ダー君の対立候補の応援演説は、ドウ君というオシメ様と同じクラスの男子だった。そのドウ君に思いを寄せる女バスの女王がいる。彼女はクラスは違うのだが、休み時間のたびにオシメ様のクラスに押しかけ(違うクラスの教室に入ってはいけないため、廊下からドウ君の様子を伺い)、ドウ君に近づく女子がいようものなら、手下を使って蹴散らかしている。しかし彼女本人はドウ君に告白していないらしい。周囲に因縁つけるくらいなら、早く告って、公式に唾つけるか玉砕するかしてくれよ。
オシメ様も一度、クジ引きで彼の隣の席になった時期、体育のドッヂボールで女王とその取り巻きからやたらと狙われたことがあるらしい。たとえドッヂボールとはいえ、他人からあからさまな悪意を向けられたことがないオシメ様にとって、結構ショックな出来事だったようだ。
さて、今回。ドウ君とオシメ様は、同じ副会長選で応援演説をし、結果としてオシメ様の演説がウケてしまったためにドウ君が応援した候補は落選した。つまり、はからずもドウ君をやりこめた形になったオシメ様は、女王の敵になってしまったわけだ。

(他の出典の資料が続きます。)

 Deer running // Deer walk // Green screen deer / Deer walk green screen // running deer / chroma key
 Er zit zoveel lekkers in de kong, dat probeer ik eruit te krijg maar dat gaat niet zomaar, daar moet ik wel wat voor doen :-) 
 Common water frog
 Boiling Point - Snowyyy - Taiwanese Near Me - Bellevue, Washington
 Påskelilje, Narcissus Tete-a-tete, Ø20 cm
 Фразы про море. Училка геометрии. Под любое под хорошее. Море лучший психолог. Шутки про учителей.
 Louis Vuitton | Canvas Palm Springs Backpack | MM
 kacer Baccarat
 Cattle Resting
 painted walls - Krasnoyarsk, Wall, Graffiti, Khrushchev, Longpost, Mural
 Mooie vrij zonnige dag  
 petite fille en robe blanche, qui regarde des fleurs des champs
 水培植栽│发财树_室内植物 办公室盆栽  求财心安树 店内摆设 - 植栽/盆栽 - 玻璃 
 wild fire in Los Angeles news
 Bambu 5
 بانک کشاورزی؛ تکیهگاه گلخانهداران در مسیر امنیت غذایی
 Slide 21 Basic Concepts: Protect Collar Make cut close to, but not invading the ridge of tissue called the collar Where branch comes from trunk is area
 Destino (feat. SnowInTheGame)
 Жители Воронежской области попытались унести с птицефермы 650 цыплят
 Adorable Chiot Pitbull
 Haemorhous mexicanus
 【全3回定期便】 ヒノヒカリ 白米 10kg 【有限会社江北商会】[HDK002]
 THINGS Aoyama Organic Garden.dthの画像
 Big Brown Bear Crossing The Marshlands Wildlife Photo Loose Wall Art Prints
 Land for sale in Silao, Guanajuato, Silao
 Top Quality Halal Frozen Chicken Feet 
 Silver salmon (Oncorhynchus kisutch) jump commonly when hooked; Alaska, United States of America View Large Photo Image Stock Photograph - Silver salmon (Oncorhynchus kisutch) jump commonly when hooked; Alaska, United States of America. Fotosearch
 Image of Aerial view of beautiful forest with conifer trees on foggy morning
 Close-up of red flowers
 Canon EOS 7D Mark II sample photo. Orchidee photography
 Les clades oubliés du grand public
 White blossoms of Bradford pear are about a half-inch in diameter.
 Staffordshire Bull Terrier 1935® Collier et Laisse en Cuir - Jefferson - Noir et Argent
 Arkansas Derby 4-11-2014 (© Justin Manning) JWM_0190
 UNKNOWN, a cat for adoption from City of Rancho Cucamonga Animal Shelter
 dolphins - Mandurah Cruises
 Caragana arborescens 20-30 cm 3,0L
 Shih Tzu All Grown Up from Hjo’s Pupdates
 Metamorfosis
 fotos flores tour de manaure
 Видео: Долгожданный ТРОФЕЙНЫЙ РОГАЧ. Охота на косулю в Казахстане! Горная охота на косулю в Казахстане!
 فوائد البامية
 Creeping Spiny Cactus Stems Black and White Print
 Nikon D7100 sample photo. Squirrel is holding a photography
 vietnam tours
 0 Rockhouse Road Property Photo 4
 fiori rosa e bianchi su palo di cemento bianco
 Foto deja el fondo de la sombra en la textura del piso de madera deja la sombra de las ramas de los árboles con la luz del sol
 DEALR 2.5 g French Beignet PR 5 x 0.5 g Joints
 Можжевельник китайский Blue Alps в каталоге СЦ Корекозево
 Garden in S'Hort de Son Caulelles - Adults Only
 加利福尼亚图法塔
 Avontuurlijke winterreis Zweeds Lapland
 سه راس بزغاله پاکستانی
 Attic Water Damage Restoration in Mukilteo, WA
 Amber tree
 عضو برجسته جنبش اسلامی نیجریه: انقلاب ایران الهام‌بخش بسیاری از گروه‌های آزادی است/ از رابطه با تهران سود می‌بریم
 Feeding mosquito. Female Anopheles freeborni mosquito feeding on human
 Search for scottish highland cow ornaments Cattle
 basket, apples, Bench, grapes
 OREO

女王の敵となった影響はダイレクトに現れる。オシメ様が廊下を歩くと、くすくす笑いが起きたり、なんで○○君(ダー君の対立候補)が負けんのー?とこれ見よがしに声が上がったりしたとのこと。
オトノ様は、そんなヤツほっとけ、無視しろ、気にすんな、と言うけれど、実際その空間で時間を過ごさないといけないオシメ様にすると、無視はできてもイヤな気分になることは事実だし、オトノ様のアドバイスは解決にはならない。
オシメ様は自分の機嫌の取り方を知っている。TikTokの後は、お気に入りのニッチェのコントを見て、最近ハマっている「ディセンダント」と「ゾンビーズ」の歌を聞いて、大好きなハリー・スタイルズの写真を眺める。なんとか浮上しようとしているんだな、と先の妙な沈黙の意味を知る。
しかし。最近の子どもはすごい、進化してると感心した矢先に、中学生の変わらなさを目の当たりにするとは。自分たちと同質でないものの認定と排除のやり方は、今も昔も変わらないものだ。